Dado que la infraestructura informática ya está implementada, la clave para construir una arquitectura de nube híbrida reside en su gestión. Para desarrollar una práctica de gestión de infraestructura digital híbrida (HDIM, por sus siglas en inglés), es necesario comenzar combinando herramientas de gestión de la gestión de servicios de TI (ITSM, por sus siglas en inglés) , la gestión de infraestructura de centros de datos (DCIM, por sus siglas en inglés) , la plataforma de gestión de la nube (CMP, por sus siglas en inglés) y otras disciplinas.
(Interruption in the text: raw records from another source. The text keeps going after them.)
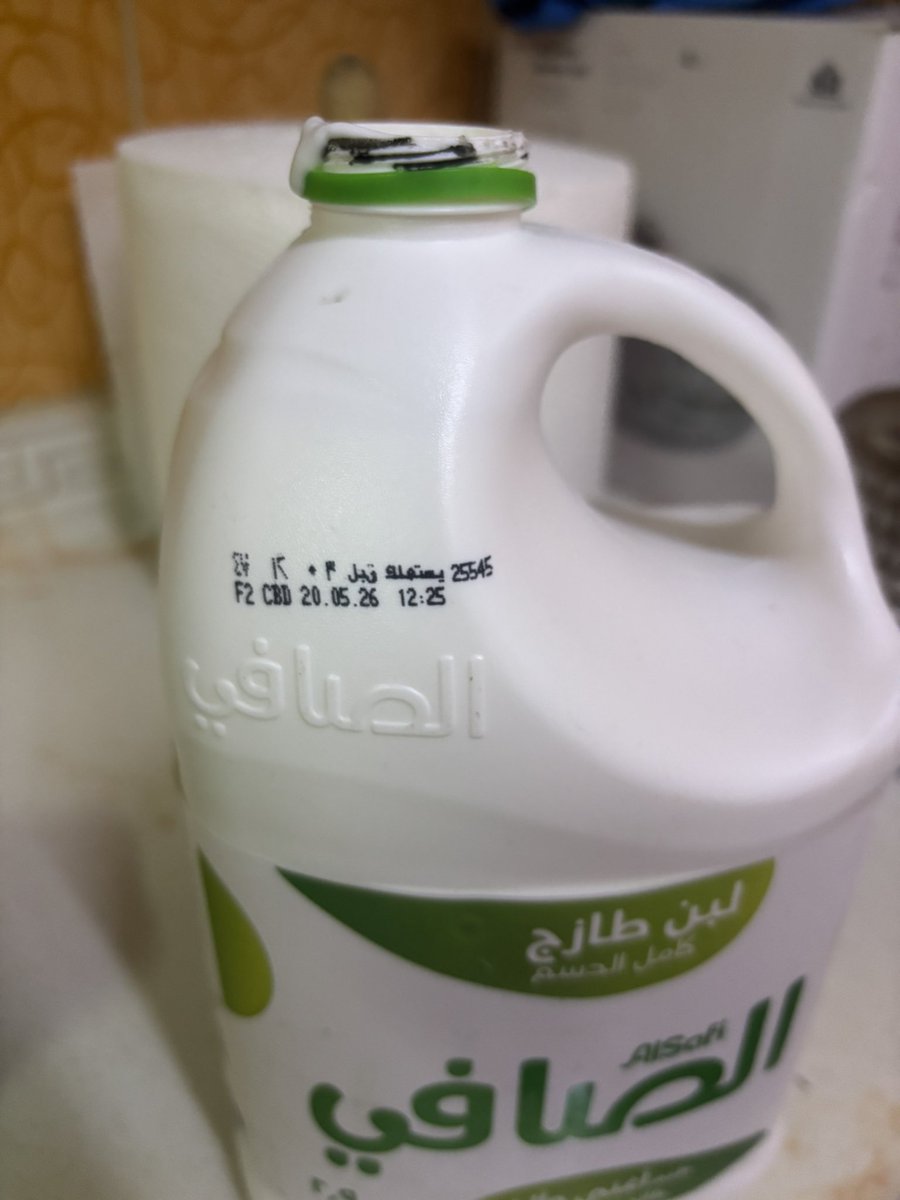 v133ii's tweet photo. @alsafiarabia اليوم العصر تاريخ 18 may اشتريت لبن الصافي وطلع متعفن باللون الاسرد والاخضر وخربان طعمه !! https://t.co/DvCHt54Qc5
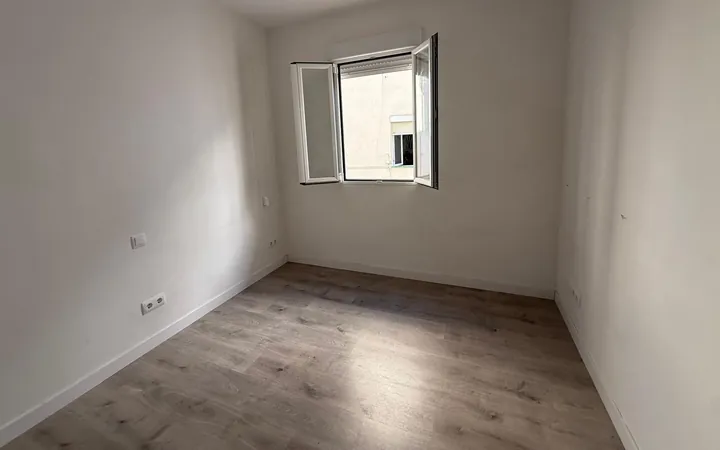 Piso en Calle de Magallanes - Foto 12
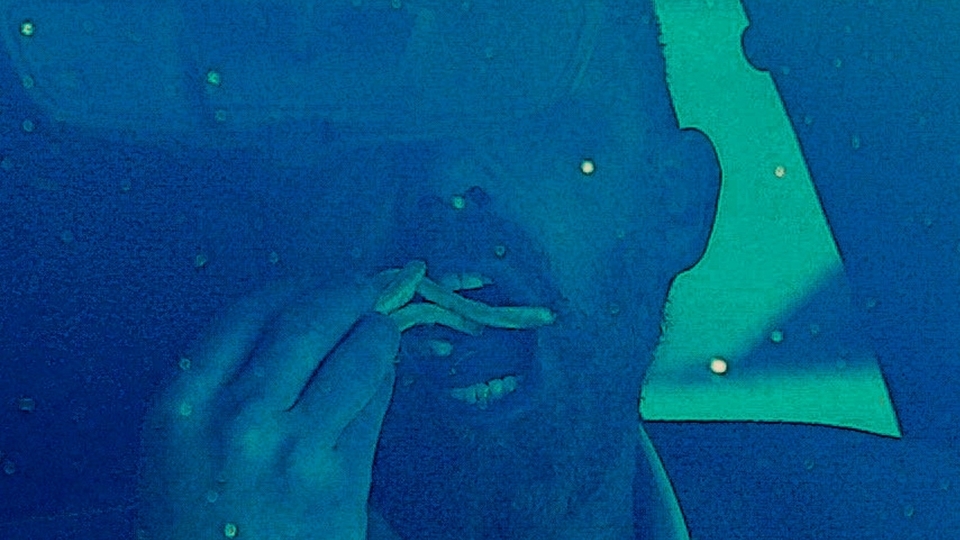 Otomobilde fast food saati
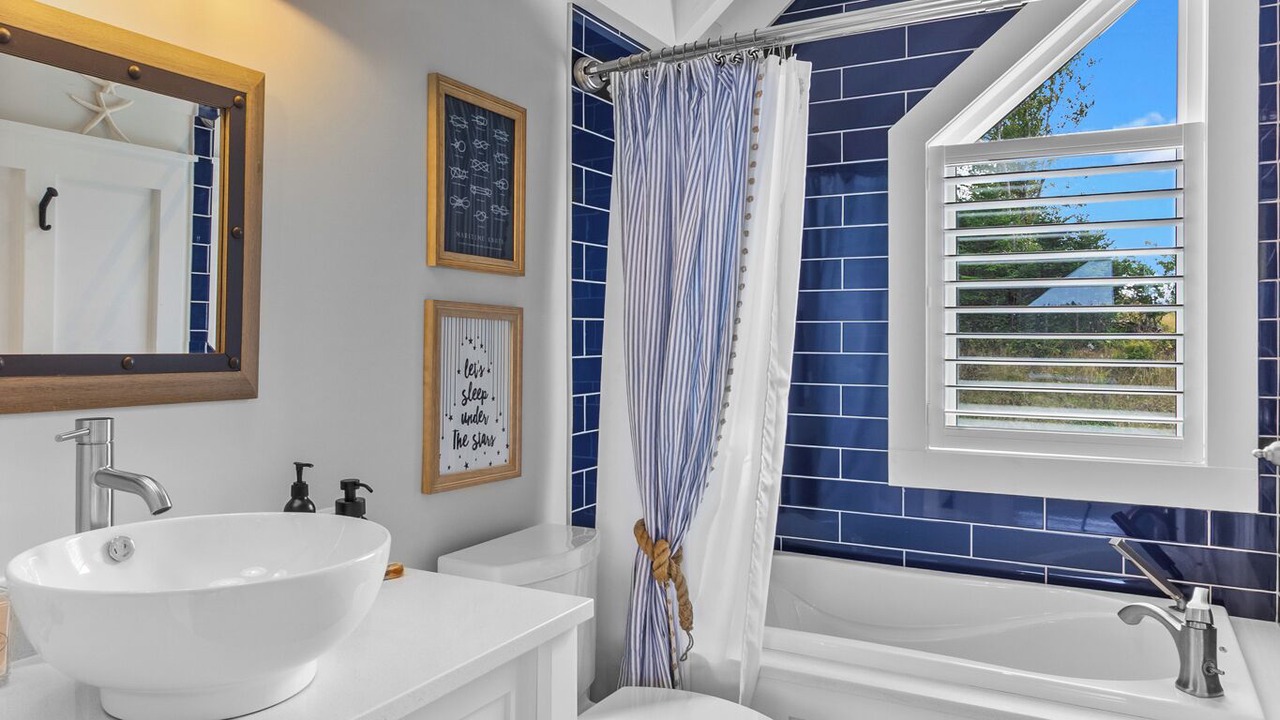 Photo of Bathroom in Whitbourne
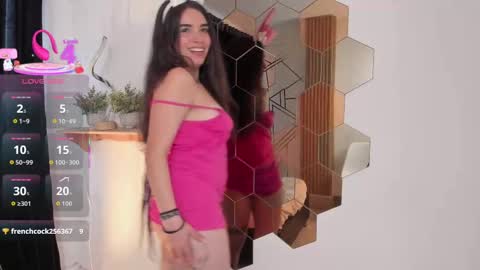 Daphne online show from November 13, 1:25 pm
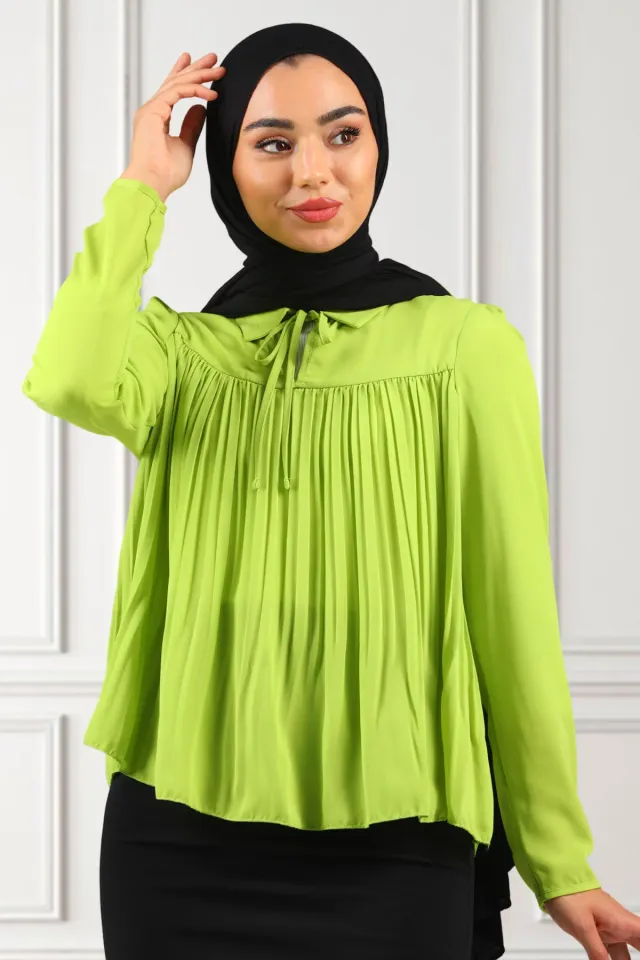 Kadın Ön Bağlama Detaylı Pileli Tesettür Bluz Fıstık Yeşili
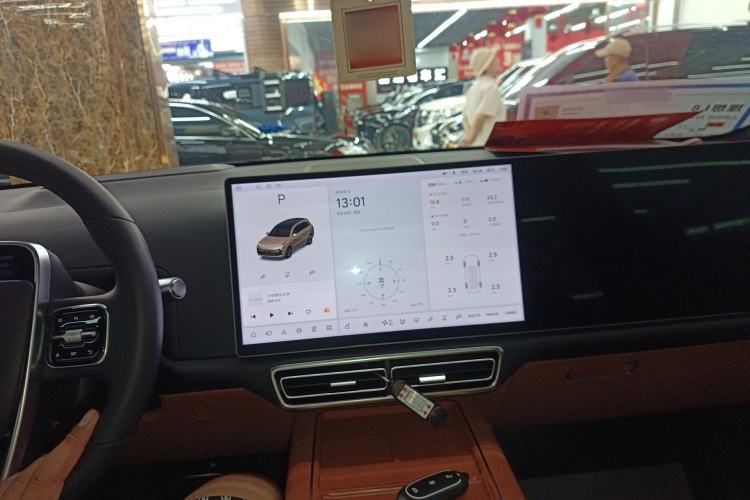 Used Li Auto L8 2023 Pro Model Center Console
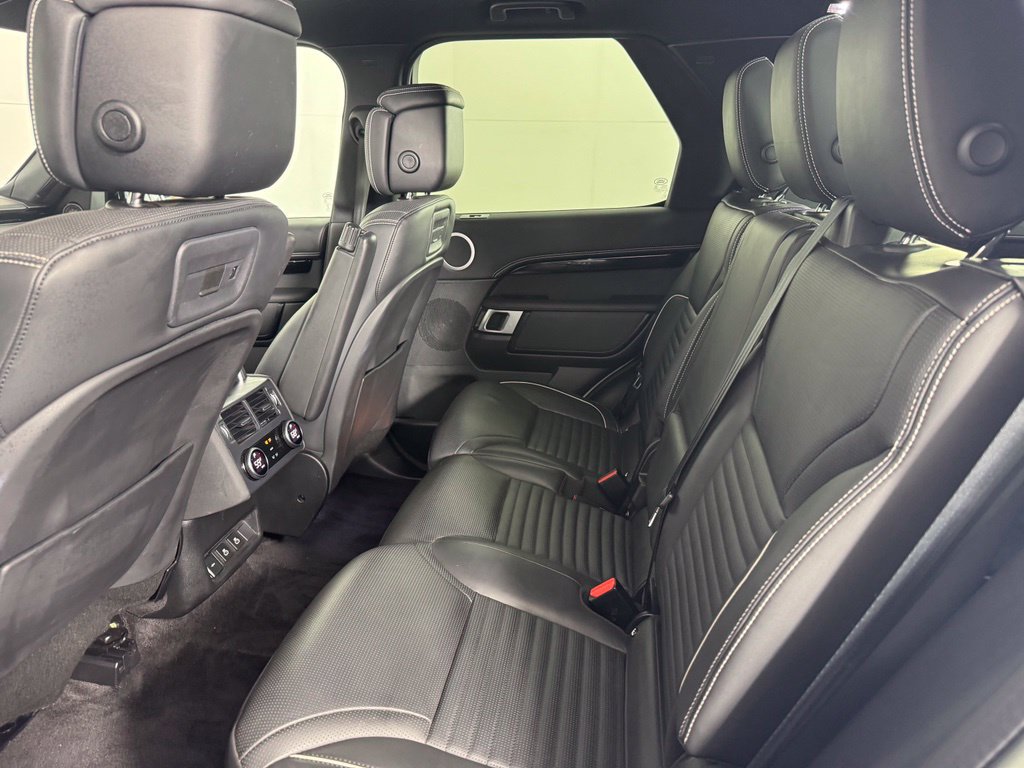 Used 2023 Land Rover Discovery S R-Dynamic AWD/4WD image 26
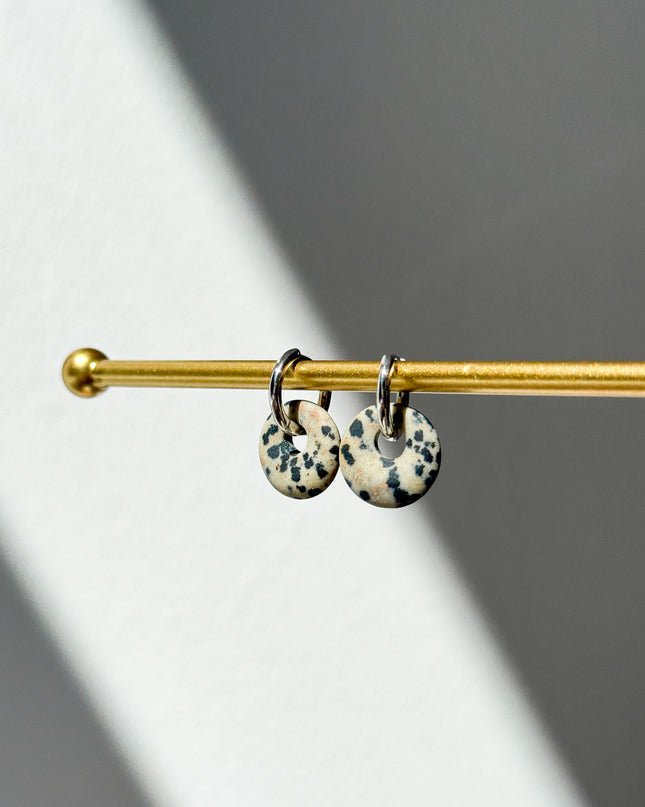 Dalmatiner Donut Ohrringe – mit Hoop in Silber oder Gold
Los cuatro objetivos clave son:

Organización

Comprender los resultados de diversas estrategias de implementación que aprovechan el aprendizaje automático y la IA para determinar la ubicación óptima para las necesidades de una carga de trabajo:

  • Rendimiento: latencia, tráfico, ancho de banda, saturación, etc.
  • Disponibilidad: estrategias de resiliencia y recuperación
  • Relación coste-eficacia
  • Seguridad

 

Implementación

  • Orquestación: implementación conforme a las directrices de TI
  • Estandarización de las ofertas
  • Evaluación continua de las configuraciones de integración y entrega.

 

Operación

  • Validación y auditoría de la tramitación de solicitudes, parches y copias de seguridad.
  • Entornos de prueba para el desarrollo de la mejora continua
  • Corrección de fallos y análisis de la causa raíz facilitados por el aprendizaje automático.
  • Mapeo visual de las dependencias de red, infraestructura y carga de trabajo para AIOps.
  • Identificación de amenazas, vulnerabilidades y riesgos para el valor.

 

Monitoring

  • Visibilidad del estado actual de la infraestructura, desde instalaciones y puntos finales de TI hasta entornos virtuales, de IoT, de borde y de nube.
  • Verificar el cumplimiento de los requisitos normativos y de licencias de software
  • Normativa (RGPD, SOX, HIPAA, PCI)
  • Datos de utilización de la aplicación
  • Impacto del rendimiento de la red y la infraestructura en los niveles de servicio
  • Datos de registro de auditoría para obtener información y detectar amenazas.

 

Para seleccionar las soluciones y herramientas de proveedores que necesita para implementar la arquitectura HDIM, debe asegurarse de que proporcionen:

  • API abiertas para permitir la transferencia de información y una integración más sencilla entre herramientas.
  • Formatos comunes para mensajes, alertas, KPI, etc.
  • Mapas de dependencia integrados entre las capas de la pila de la aplicación
  • Descubrimiento e inventario automatizados de toda la infraestructura.